I, too, would like to give all the people who worked the ride this past
weekend a pat on the back, especially the ride manager, Laura Fend. I'm not sure I'm willing to give Laura’s
husband Gary equal billing, since he rode the event, and especially after he
tried to bump me off during the ride.
Yes, it's true- I
think Gary is out to get me.
I’m pretty sure it all
started at the Gold Country ride 2 years ago. It was here, only a couple of miles
before the finish, he sent me off into the wilderness, lost and cold, when he
could have saved me, just so he could get 7th place instead of 8th. I thwarted him by finding my way back to
the trail, with Shatta only missing catching him at the finish by a minute or
so. Then at the Lakeside
Classic, I tried to help him by giving him directions when he was not sure where
the trail went. I pointed out the
trail to him, but for some reason he didn't believe me. Just because the trial I pointed to went
down the mountain and directly into a lake, didn't mean I wasn't trying my very
best to help him.
One of my jobs this
weekend at the Pac South ride was to hang out all day at
the Stone Bridge, taking numbers, and providing water
for the horses. The
morning of the ride, I put six of these huge, 55
gallon barrels full of
water in the back of my truck. These barrels had two plastic screw lids
on
the top, for filling (and supposedly emptying) with
water, that were about
three inches in diameter. Being a novice at water truck
exercises, I asked
Laura how we should get the water from the barrels to
the buckets for the horses.
She told me Gary had this system that he used, and to
check with him.
Okay, I go find Gary and ask him about the
distribution of the water from
the barrels to the buckets. "Oh, it's easy. You just put the water
buckets
on the ground under the tailgate, lay the barrels
over in the truck, and
fill them that way." Okay, thinks I. I guess in retrospect I should
have
wondered, but hey, he's the expert. He told me they used to have a
fancy
rig with hoses and such that no-one ever used because
it was too
complicated.
I trundled out to the
Stone Bridge with my sloshing cargo of six behemoth
water tanks and got set up. My riding buddy Sally, who was out there
to
help for the day, asked how we get the water
out. I told her what
Gary
said.
"Are you sure?" was all she said.
"Sure, Gary told me so," was my
reply.
She set up the water buckets on the ground, right under the tailgate
of
the truck.
I wrestled the first barrel into position, and probably
should
have wondered about it at that point, since I had
enough trouble even moving the stupid thing two feet. I screwed the two little plugs in,
so I could lay the blue
monster over on its side, then I’d remove the plugs
and fill the buckets. A quick
calculation (math was never my strong point) showed that my eight buckets should
handle most of the water in a single barrel. Okay- we are ready. I was standing up in
the back of the truck, ready to lay down the barrel, while Sally's job was to
fill the buckets. She got ready as
I "attempted" to lay the first bucket over.

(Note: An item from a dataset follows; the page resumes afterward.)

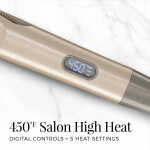 Remington Pro 1" Multi-Styler with Twist & Curl Technology, Color Care Protection , Champagne/Gray, S16A10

Right. You think I'd have learned to use my
brain in the past. Sort
of
like when as a kid, I rode my sting-ray bike off of a
ten foot high dive,
thinking I could just jump right off the end, and
into the pool.
There's
this neat set of rules in the universe called Physics
that govern how things
will react to certain actions. In the case of my bike, the board
flexed
down as I rode down it. As I neared the end, it was bending way
down. As I
rode off the end, of course it came springing back
up, flipping the rear wheel of the bike straight up, over my head. WHAM! I hit the water on my back, with
a
bike in my face.
Okay- so how's this
relevant? What do you suppose will
happen when a 55
gallon barrel of water gets "laid over?" What does water weigh,
anyway?
About 10 pounds a gallon? That makes this barrel weigh something
like 500
pounds?
Picture this- I do all I can to lay the barrel over. Sally is down on the ground, waiting for
me to set it down, then I’d hop down and open the plug,
thus
filling the buckets with the nice, cool, water. As I set the barrel
on
edge, of course it starts to fall over. Like I'm going to be able to
stop
it?
"KAWHUMP!" The
barrel hits the bed of the truck with the force of a small scud missle, and of
course both plugs come flying out from the pressure of the water, shooting
through the
air, ricocheting off of the stone bridge like
demented Frisbees. The
impact
of the fall sends me crashing to the bed of the
truck, knocking the ice
chest, our 2 bottles of people water, cups, carrots,
our lunch bag, and
everything else flying onto the ground. Sally's eyes get as big as
saucers
as a torrent of water comes gushing down from the
truck. The flash flood
hits
without warning, knocking her to the ground, along
with scattering all the
buckets and debris from the truck, everywhere. Poor Sally is soaked as she desperately
tries to scramble to her feet, grabbing buckets and trying to salvage the water
that is now gushing out on the ground.
Here I am, trying like a fool to stand up in the water and lift the
barrel back up? Right! There's that
physics
thing again.
Sally gets a bucket under the huge stream of water, but as
it
fills, the pressure of the stream knocks it over,
getting her even more wet.
We both just stopped, feeling a little helpless as
the remainder of the
water gurgled out of the barrel, onto the
ground. The scene was one
of
horror- water buckets strewn everywhere, poor Sally
soaked from head to toe,
the ground all around us now five inches deep in mud,
the little barrel
plugs lost forever, our lunch officially wet, and 55
gallons of water gone.
The aftermath of the
episode resembled a car accident, or a battle scene.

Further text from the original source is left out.